Always want to be here?

Absence last week is justified by being in a lovely part of Scotland – Kintyre – in an old lodge house where the only real social networking possible is in feeding the particularly cheeky male chaffinch outside the kitchen window (endlessly amusing). Specifically we were staying in a Landmark Trust property, one of several on the Saddell Estate. I’m a huge fan of Landmarks and will probably obsess about them some time in the future, but a couple of things are a bit different about this little area of land an coast, the beach looking over to the mountains of the Isle of Arran. The temporary one is that it hosts a fifth of Anthony Gormley’s artwork ‘Land’ which celebrates 50 years of the Trust. This is a life sized man of iron made of polygonal shapes staring out to sea on the shoreline.
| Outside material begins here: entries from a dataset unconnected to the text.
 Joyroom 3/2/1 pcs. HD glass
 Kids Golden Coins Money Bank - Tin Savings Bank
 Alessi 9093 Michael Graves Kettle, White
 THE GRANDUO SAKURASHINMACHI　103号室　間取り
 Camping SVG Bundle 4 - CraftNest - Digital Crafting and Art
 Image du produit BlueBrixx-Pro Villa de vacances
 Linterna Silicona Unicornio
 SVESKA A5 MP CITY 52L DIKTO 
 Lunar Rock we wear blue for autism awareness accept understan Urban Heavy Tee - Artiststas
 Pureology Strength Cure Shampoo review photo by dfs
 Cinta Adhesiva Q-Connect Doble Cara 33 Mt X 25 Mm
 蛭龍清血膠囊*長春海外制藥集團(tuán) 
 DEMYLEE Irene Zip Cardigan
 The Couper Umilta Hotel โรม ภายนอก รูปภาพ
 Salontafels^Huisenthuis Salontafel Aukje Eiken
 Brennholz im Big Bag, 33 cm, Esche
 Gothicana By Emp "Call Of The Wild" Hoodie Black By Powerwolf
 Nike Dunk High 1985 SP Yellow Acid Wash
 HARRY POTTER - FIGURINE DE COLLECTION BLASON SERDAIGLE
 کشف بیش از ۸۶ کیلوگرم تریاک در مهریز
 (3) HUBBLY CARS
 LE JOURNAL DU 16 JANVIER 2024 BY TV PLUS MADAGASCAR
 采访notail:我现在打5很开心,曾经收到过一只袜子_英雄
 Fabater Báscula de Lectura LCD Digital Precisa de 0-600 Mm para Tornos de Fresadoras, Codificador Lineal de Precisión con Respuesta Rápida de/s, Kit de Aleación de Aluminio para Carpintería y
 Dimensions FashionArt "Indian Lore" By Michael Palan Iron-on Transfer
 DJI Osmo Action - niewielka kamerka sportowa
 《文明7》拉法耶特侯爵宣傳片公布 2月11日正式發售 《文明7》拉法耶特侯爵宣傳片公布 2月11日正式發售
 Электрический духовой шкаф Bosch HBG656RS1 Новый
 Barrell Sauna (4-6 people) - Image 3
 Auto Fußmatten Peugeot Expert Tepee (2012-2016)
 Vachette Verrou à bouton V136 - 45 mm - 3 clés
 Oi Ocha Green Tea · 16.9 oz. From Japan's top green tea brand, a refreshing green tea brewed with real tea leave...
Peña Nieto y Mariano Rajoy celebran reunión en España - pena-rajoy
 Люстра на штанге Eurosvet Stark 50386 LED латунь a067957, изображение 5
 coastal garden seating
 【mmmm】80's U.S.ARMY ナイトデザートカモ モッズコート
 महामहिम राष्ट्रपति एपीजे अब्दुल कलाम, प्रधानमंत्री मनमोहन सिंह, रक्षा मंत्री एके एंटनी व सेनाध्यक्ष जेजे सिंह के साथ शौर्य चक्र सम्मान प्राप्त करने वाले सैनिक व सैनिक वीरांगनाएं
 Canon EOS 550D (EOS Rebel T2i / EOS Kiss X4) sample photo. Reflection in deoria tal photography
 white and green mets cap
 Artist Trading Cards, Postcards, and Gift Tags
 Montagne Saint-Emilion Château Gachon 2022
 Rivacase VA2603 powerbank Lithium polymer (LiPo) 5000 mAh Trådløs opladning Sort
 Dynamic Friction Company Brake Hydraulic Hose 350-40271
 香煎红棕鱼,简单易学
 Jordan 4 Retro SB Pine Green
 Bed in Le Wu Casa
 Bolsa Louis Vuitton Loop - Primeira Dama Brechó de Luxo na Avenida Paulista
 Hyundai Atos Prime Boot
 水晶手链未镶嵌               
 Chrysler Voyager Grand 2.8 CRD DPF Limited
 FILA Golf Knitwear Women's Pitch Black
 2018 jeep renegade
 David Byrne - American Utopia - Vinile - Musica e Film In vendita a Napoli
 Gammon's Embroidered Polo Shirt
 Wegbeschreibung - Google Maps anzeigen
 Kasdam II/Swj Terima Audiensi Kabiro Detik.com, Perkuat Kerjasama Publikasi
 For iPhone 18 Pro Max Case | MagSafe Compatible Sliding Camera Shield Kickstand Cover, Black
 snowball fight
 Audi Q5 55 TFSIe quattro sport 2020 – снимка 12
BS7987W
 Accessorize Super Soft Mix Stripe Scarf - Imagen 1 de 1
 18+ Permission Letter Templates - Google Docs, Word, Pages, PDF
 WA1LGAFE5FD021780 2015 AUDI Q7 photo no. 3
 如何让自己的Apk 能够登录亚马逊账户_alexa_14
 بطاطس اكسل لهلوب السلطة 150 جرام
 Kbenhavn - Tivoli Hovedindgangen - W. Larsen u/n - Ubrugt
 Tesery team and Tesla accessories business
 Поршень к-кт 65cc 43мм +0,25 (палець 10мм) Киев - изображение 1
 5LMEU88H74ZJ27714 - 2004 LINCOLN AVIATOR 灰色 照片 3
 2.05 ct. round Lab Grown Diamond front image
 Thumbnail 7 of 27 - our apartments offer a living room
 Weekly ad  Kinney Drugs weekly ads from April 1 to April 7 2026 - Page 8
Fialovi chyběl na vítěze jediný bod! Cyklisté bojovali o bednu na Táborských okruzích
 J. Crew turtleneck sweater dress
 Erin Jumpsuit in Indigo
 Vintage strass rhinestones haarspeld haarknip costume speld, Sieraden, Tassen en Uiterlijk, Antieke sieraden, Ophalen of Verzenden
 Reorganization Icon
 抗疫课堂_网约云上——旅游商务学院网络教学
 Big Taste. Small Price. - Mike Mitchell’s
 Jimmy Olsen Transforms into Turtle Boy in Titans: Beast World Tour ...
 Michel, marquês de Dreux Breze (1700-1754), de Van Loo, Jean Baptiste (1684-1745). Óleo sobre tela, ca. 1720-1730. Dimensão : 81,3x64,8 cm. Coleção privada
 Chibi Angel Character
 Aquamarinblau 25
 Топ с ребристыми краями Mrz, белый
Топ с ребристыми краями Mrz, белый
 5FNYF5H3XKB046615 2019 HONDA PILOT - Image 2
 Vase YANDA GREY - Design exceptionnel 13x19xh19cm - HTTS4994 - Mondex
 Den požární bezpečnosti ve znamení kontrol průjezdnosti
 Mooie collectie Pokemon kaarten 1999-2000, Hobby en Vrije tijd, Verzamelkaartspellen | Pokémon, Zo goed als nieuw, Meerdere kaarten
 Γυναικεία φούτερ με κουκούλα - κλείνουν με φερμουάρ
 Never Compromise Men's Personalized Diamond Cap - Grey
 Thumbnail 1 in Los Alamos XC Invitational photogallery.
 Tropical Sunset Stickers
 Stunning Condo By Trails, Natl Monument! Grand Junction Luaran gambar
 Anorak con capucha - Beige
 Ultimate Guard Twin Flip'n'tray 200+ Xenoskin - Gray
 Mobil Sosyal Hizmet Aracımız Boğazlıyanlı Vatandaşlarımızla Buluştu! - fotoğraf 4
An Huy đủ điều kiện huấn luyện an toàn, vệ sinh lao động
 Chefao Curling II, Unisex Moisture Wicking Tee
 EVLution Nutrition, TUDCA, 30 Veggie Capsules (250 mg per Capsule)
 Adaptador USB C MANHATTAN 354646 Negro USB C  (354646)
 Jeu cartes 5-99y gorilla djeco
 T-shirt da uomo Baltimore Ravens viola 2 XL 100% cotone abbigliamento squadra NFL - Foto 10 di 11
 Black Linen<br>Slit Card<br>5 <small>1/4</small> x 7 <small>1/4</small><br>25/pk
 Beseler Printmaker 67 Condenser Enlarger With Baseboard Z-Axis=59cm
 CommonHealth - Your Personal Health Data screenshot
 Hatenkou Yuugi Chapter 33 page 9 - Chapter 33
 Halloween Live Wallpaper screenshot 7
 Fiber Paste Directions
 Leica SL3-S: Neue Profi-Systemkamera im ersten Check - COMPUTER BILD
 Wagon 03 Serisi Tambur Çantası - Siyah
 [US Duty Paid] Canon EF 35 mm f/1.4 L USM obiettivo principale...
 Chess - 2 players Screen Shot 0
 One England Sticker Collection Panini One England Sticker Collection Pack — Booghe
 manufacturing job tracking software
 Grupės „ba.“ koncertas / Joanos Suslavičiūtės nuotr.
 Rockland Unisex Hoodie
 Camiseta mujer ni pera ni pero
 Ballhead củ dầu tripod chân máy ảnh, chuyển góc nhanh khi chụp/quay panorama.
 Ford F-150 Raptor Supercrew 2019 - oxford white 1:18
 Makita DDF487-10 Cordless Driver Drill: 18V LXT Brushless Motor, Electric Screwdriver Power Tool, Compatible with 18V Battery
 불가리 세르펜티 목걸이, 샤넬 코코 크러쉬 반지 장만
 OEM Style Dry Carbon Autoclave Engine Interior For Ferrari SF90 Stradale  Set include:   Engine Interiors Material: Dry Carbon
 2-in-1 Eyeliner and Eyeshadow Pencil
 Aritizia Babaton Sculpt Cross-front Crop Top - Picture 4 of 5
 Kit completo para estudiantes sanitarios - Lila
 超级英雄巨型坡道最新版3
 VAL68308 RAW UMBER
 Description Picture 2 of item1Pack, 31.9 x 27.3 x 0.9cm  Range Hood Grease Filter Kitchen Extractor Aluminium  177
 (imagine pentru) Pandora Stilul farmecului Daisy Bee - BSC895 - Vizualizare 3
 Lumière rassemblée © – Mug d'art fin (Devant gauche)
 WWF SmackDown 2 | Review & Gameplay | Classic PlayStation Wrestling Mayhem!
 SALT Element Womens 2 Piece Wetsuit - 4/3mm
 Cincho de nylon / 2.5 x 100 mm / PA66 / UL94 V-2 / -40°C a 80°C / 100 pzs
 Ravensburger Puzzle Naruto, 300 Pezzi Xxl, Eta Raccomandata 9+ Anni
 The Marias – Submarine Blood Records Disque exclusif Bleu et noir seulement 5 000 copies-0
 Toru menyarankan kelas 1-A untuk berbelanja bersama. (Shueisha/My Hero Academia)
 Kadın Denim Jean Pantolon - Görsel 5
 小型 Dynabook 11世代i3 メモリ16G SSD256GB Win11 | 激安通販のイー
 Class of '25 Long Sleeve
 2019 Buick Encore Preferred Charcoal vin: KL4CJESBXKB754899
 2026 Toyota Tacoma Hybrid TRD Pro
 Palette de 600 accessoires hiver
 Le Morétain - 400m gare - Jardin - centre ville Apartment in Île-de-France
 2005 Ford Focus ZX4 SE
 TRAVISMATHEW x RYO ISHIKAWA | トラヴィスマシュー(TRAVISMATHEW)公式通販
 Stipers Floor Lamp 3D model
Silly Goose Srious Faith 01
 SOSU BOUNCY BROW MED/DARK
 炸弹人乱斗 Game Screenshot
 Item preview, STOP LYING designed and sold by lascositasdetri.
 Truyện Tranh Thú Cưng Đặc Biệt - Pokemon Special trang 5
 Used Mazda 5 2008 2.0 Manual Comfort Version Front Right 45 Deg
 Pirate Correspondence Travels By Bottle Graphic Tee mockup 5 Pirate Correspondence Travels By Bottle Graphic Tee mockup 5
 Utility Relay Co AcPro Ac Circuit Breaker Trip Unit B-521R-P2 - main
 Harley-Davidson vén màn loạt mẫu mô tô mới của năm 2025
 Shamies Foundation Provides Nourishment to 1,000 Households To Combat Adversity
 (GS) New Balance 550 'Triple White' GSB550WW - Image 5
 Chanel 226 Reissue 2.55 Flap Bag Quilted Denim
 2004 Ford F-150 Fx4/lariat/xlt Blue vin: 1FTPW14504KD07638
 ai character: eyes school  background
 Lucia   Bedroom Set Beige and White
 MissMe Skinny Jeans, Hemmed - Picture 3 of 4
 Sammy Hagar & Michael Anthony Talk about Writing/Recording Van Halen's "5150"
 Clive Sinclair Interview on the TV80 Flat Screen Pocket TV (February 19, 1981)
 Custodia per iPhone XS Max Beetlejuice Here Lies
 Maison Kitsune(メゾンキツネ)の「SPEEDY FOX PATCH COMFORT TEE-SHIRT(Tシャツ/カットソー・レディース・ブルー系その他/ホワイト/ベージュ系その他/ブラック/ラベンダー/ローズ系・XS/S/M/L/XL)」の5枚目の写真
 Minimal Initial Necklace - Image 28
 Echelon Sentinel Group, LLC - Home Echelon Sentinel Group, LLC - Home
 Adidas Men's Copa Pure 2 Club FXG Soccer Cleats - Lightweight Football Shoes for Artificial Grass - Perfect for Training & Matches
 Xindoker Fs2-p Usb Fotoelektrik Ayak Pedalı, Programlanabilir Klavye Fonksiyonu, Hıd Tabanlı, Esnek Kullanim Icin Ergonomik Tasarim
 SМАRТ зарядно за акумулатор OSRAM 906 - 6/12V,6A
The other four statues do much the same – three also on the shore, in locations in Suffolk, Lundy (off the Devon coast) and Dorset, while the final one looks in contemplation into a canal in Warwickshire. We both like it a lot and think it unobtrusive and thoughtful. But we don’t live here; the old lady we chatted to in Campbeltown was not at all sure about it (although she did insist she did insist that she did ‘like the Angel of the North’) and I ‘made her day’ when I informed her that it would only be there for a year – after that they are sold for charity. Sometimes something even relatively small can be a problem if it changes a place you are very fond of.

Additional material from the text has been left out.